[PROBLEM DESCRIPTION]
Go to the line holding "12 Osborne Ave" in the data below. Return it and each line after it through the last, exactly, and skip the pictures.

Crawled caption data
══════════════════════════════

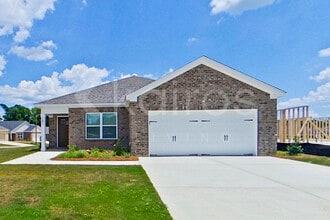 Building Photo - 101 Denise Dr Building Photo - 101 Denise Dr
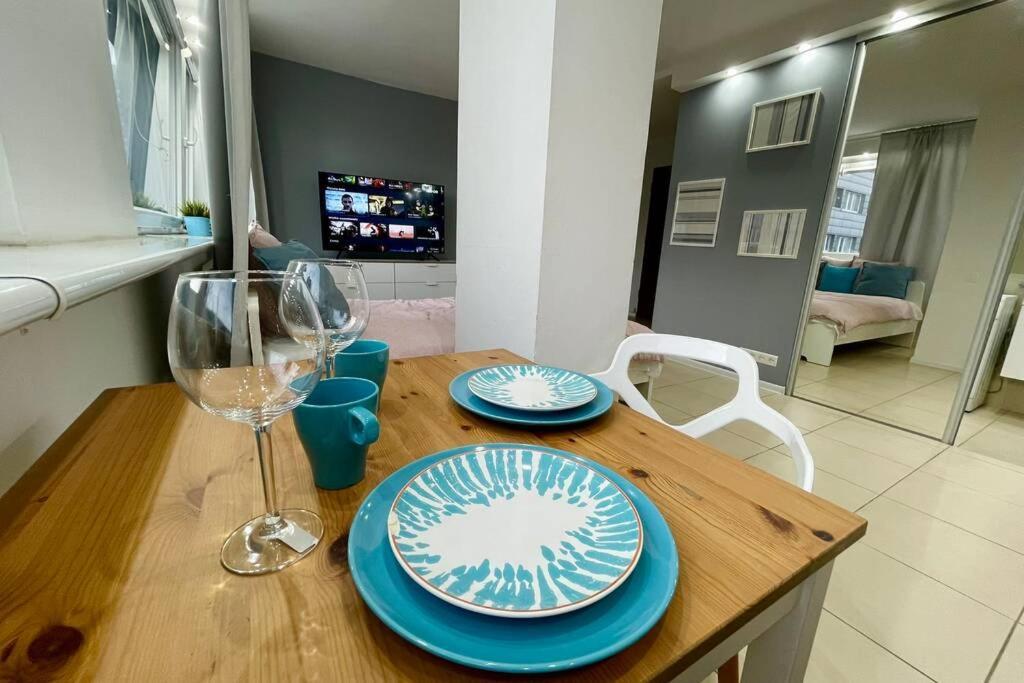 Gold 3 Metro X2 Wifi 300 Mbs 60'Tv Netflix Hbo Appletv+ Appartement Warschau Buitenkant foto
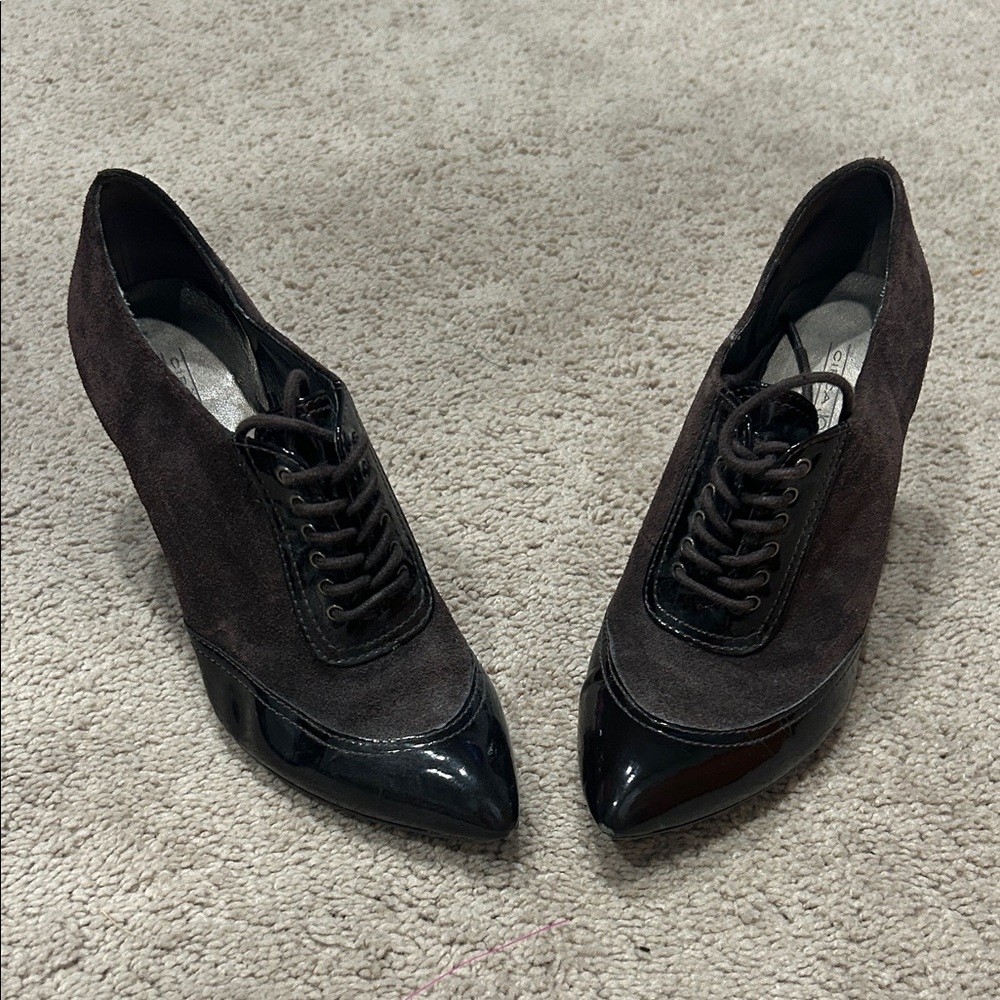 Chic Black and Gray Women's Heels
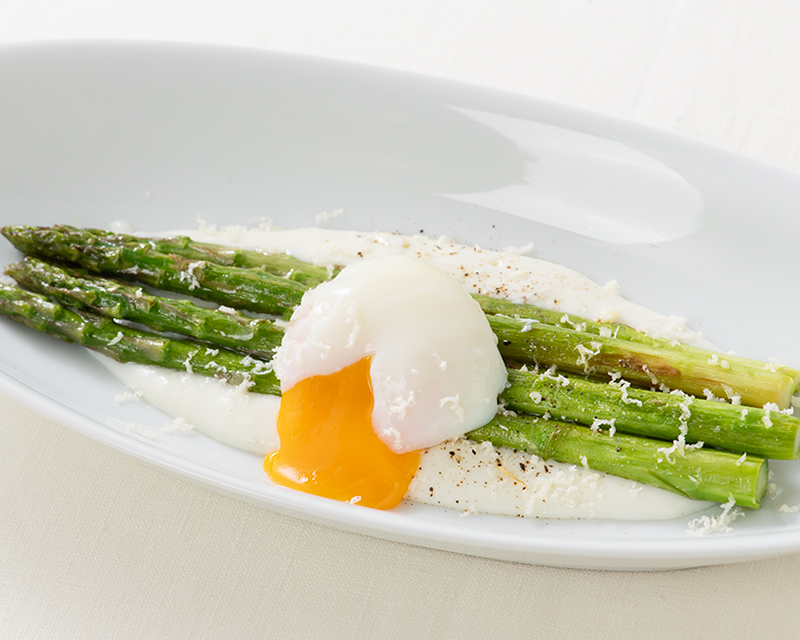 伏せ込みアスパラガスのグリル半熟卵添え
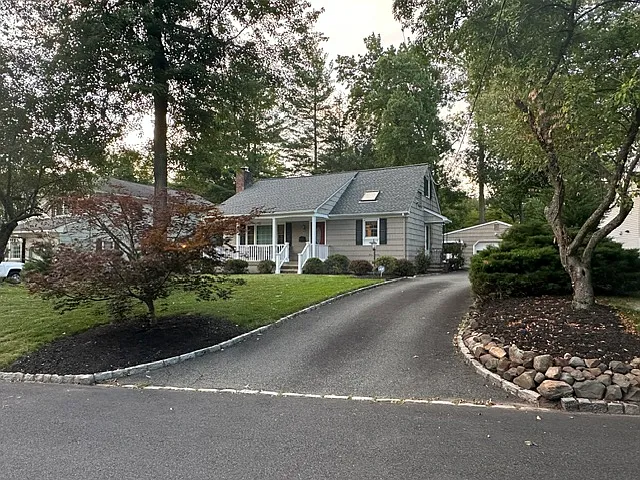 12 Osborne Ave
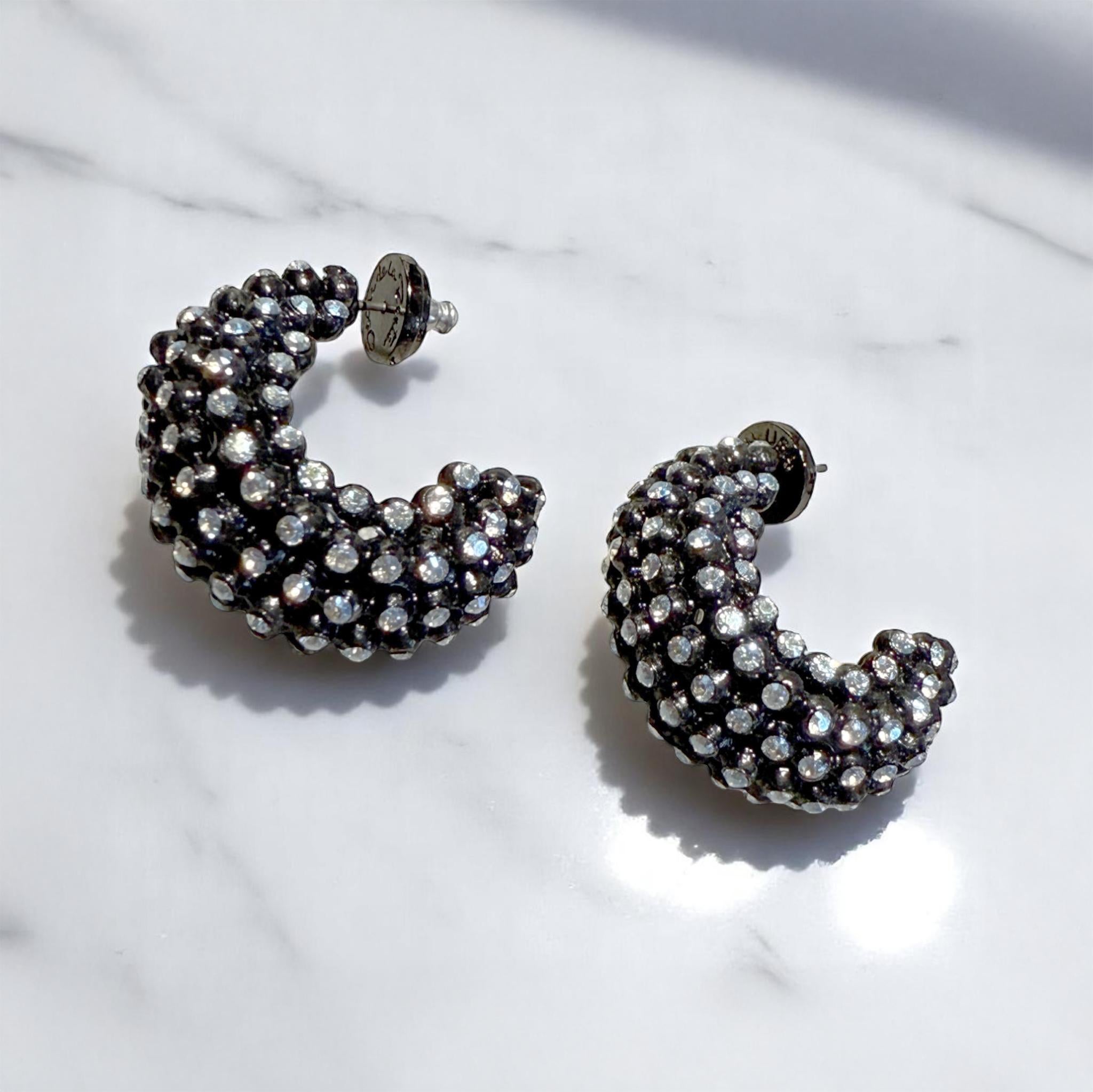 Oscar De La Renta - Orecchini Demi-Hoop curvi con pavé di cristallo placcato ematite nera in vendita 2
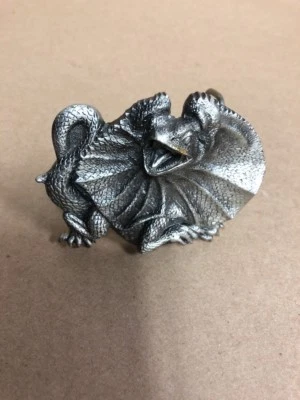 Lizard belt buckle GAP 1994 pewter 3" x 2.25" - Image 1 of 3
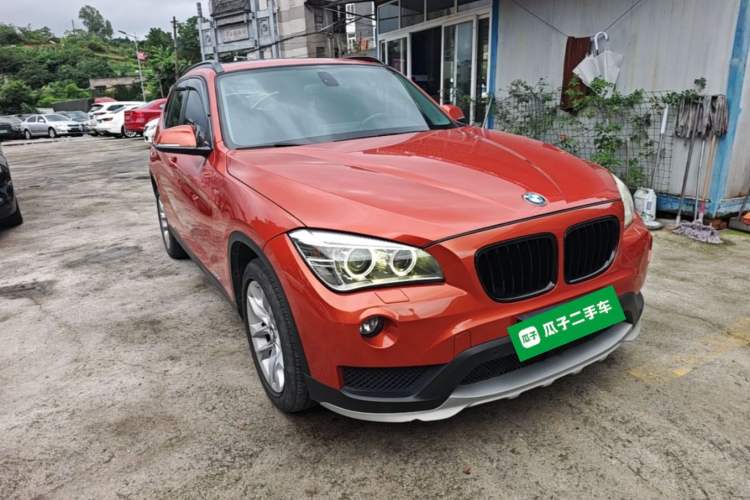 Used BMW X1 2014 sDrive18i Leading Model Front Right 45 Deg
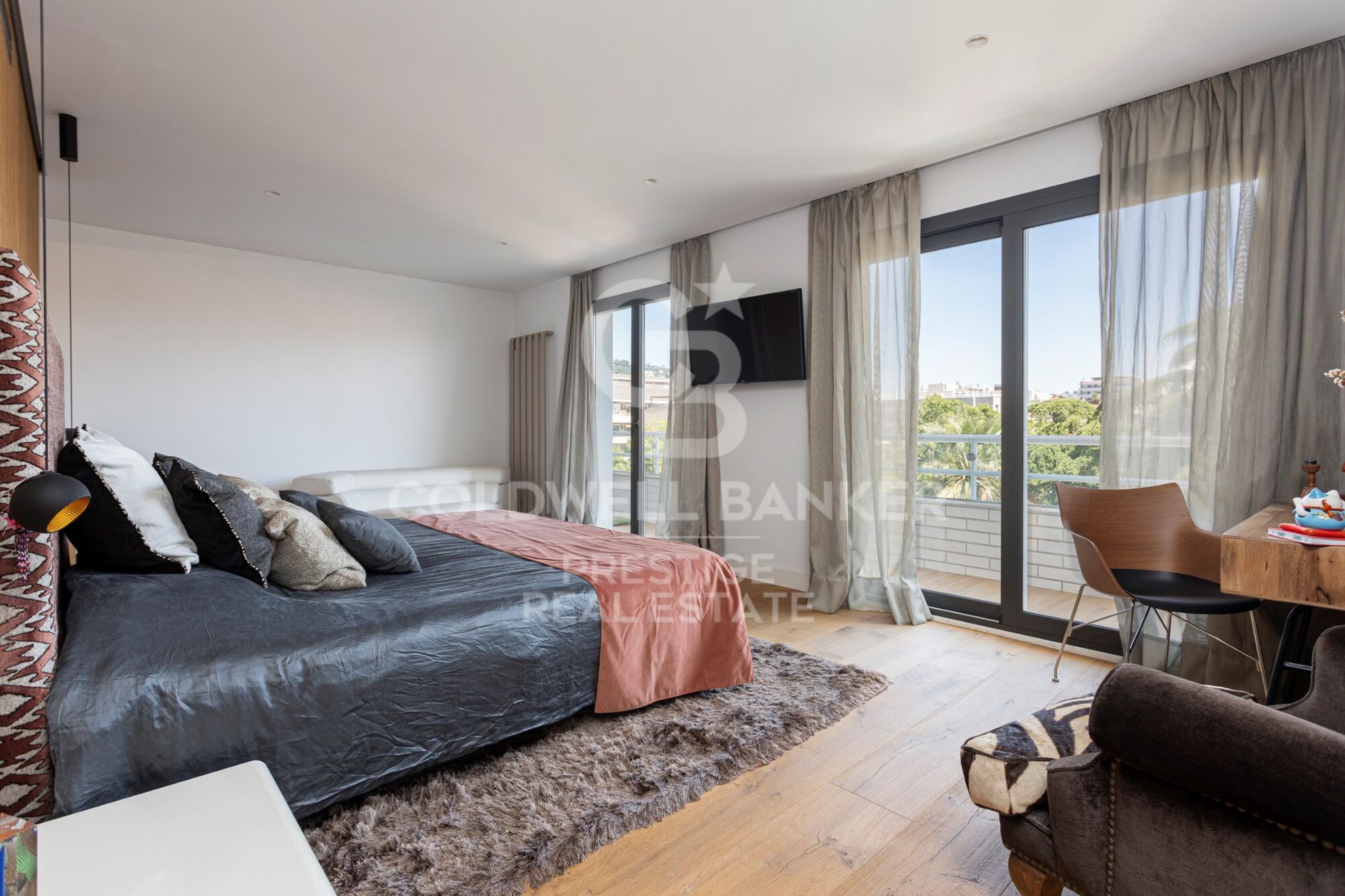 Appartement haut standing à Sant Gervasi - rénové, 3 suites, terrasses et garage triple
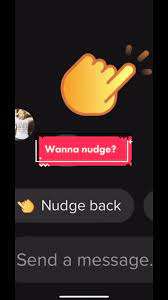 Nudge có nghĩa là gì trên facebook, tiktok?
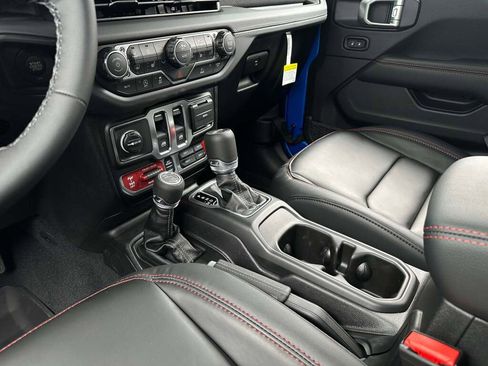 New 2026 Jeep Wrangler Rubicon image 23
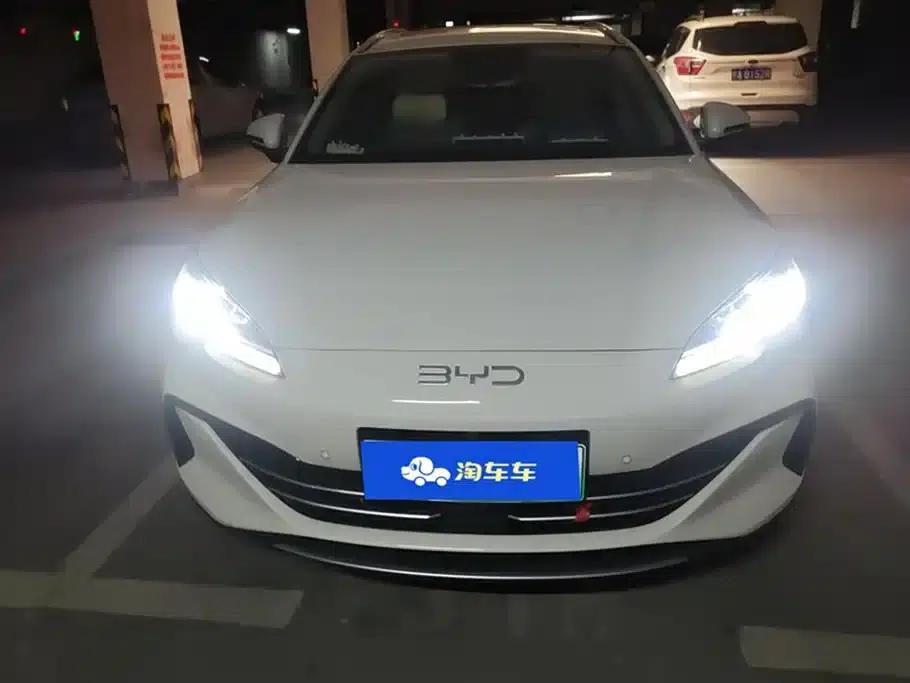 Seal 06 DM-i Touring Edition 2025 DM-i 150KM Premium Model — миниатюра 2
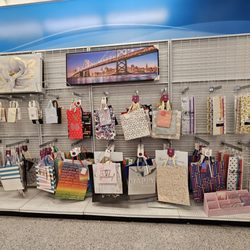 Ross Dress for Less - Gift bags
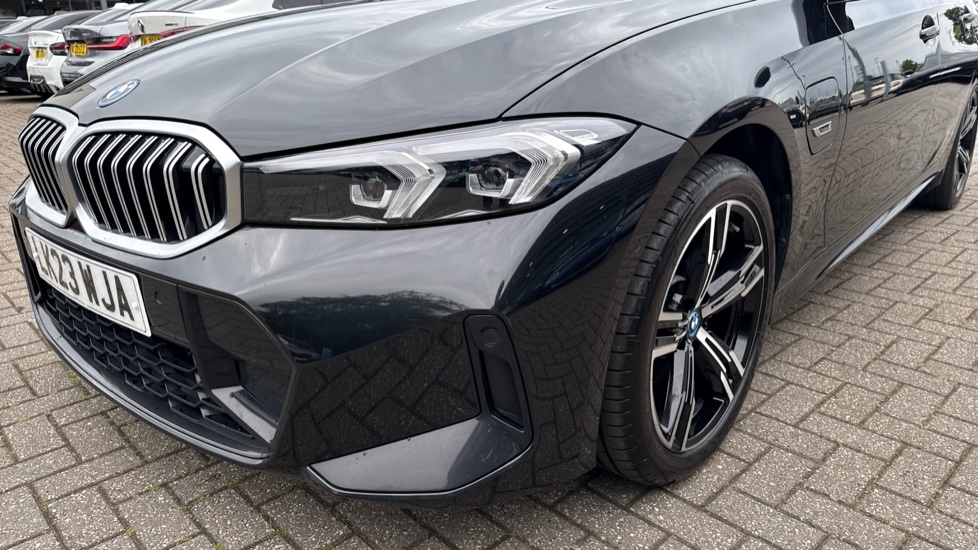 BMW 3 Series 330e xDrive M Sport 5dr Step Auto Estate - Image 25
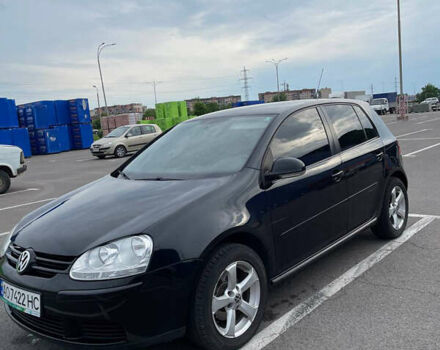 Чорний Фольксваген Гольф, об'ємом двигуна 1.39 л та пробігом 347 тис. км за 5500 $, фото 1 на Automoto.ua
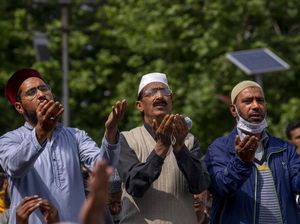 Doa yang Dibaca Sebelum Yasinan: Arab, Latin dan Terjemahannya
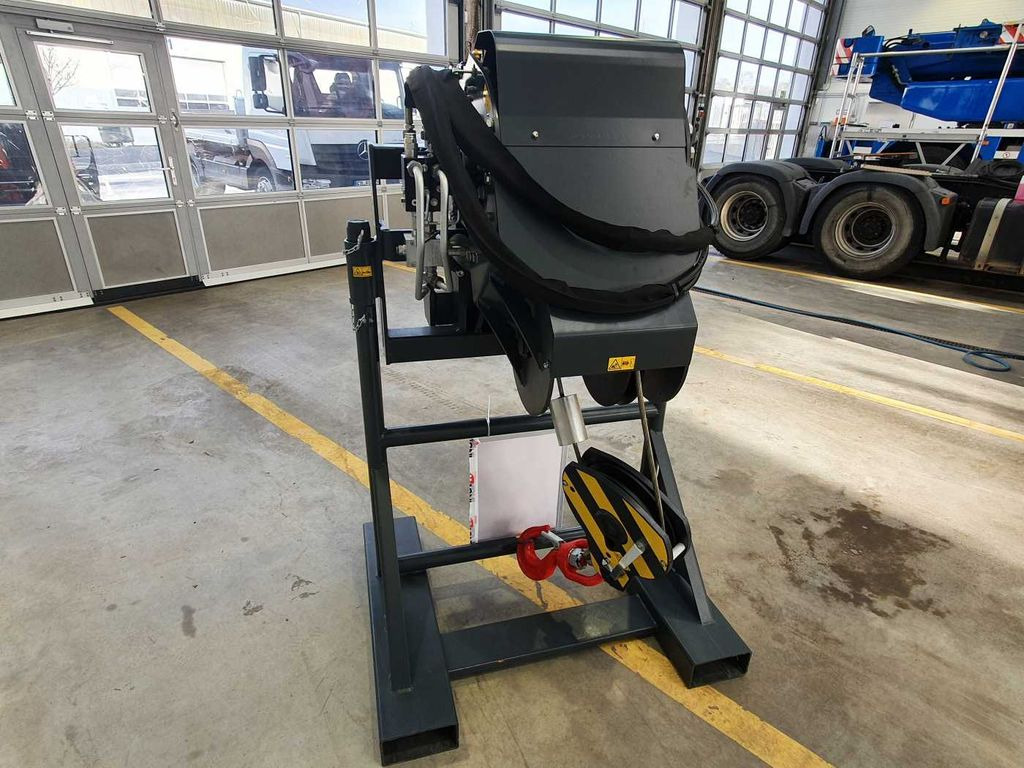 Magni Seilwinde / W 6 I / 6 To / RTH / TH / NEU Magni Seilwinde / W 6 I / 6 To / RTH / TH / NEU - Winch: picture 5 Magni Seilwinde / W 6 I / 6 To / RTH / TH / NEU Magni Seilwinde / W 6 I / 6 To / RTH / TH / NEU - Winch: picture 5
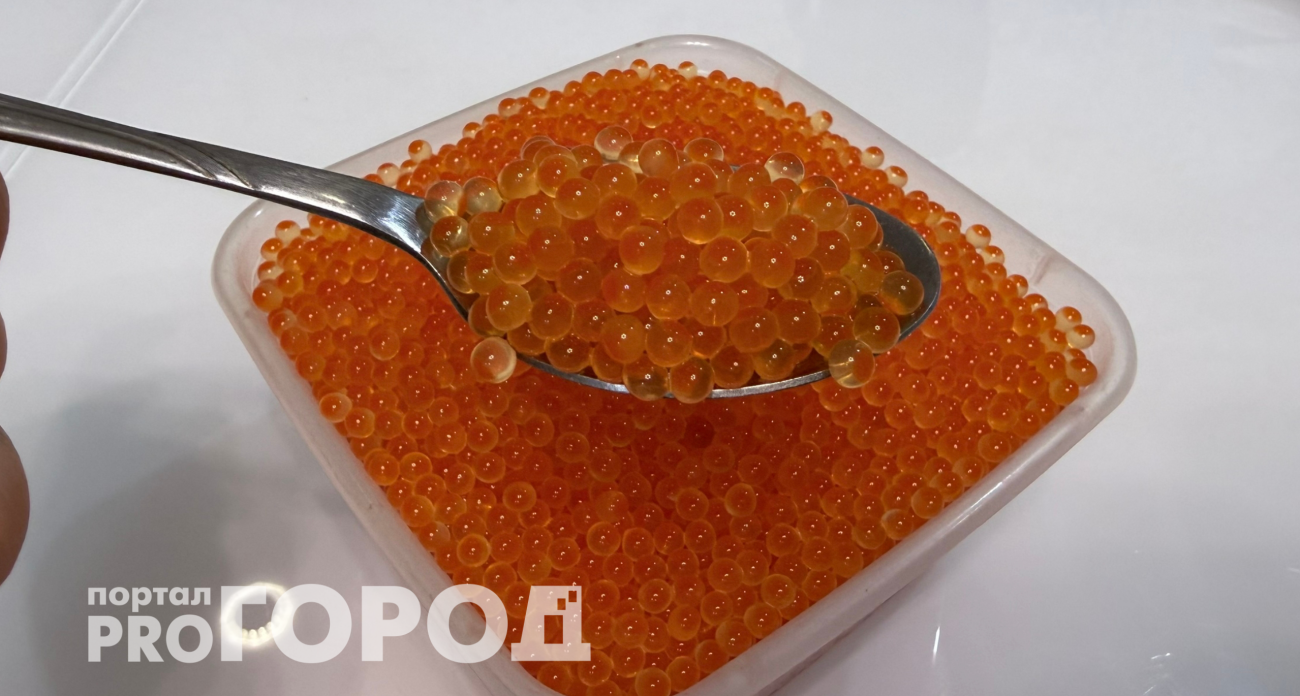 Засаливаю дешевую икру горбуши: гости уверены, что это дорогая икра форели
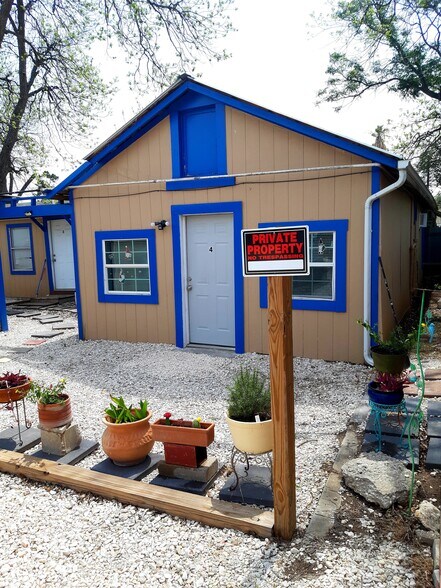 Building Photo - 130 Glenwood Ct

══════════════════════════════

[SOLUTION BELOW]
 12 Osborne Ave
 Oscar De La Renta - Orecchini Demi-Hoop curvi con pavé di cristallo placcato ematite nera in vendita 2
 Lizard belt buckle GAP 1994 pewter 3" x 2.25" - Image 1 of 3
 Used BMW X1 2014 sDrive18i Leading Model Front Right 45 Deg
 Appartement haut standing à Sant Gervasi - rénové, 3 suites, terrasses et garage triple
 Nudge có nghĩa là gì trên facebook, tiktok?
 New 2026 Jeep Wrangler Rubicon image 23
 Seal 06 DM-i Touring Edition 2025 DM-i 150KM Premium Model — миниатюра 2
 Ross Dress for Less - Gift bags
 BMW 3 Series 330e xDrive M Sport 5dr Step Auto Estate - Image 25
 Чорний Фольксваген Гольф, об'ємом двигуна 1.39 л та пробігом 347 тис. км за 5500 $, фото 1 на Automoto.ua
 Doa yang Dibaca Sebelum Yasinan: Arab, Latin dan Terjemahannya
 Magni Seilwinde / W 6 I / 6 To / RTH / TH / NEU Magni Seilwinde / W 6 I / 6 To / RTH / TH / NEU - Winch: picture 5 Magni Seilwinde / W 6 I / 6 To / RTH / TH / NEU Magni Seilwinde / W 6 I / 6 To / RTH / TH / NEU - Winch: picture 5
 Засаливаю дешевую икру горбуши: гости уверены, что это дорогая икра форели
 Building Photo - 130 Glenwood Ct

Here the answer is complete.